This picture by Jo Yong hak of a new town in Seoul looks scary. Even worst it is to know that approximately 48000 houses were demolished in Seoul for redevelopment and only 22000 new units were built.
From The Atlantic Cities.com:
After 10 years, a Korean program that actively tore down older, low-density neighborhoods and replaced them with high-density “new towns” is coming to an end. Seoul Mayor Park Won-soon announced the end of the program, which was intended to help provide housing for the rapidly growing South Korean capital, last week. The "new towns" were initially heralded as a success but quickly fell victim to the global economic downturn. Thousands of Seoul residents have been caught in the crash.(...)
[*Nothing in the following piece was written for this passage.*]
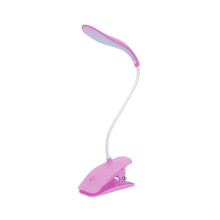 Solas Deisce LED, Solas Gearrthóg Inaistrithe, Lampa Muirir USB, Solas Léitheoireachta Cúram Súile, Oiriúnach don Oifig Baile, Staidéar, agus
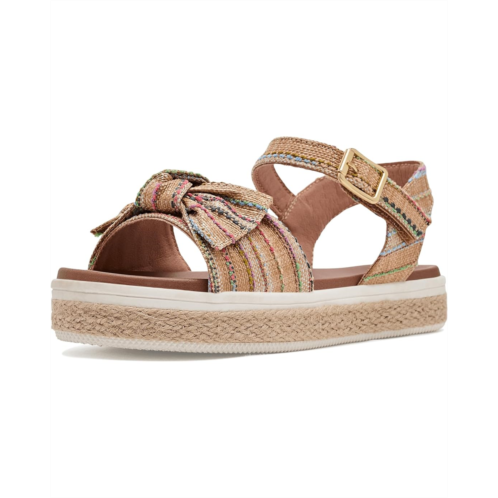 Mia Kids Sitkha (little Kid/Big Kid)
The new towns seemed like a good idea during the real estate boom, with locals in “old towns” clamoring for the redevelopment projects that would grandly increase their property values. But now, most residents in areas that had been slated for redevelopment as new towns would prefer to stick with the old as the financial benefits of redevelopment have disappeared. Indeed, 85 percent of the proposed new town developments haven’t broken ground. Property values, though, are not the only reason the citizens of Seoul have turned against new towns. Many of the new towns have been built so far out into the periphery that it takes hours to commute to the city, where jobs are. And many residents have been priced out of the marketplace, taking buyouts for their demolished homes that don’t come close to paying for new ones in the city.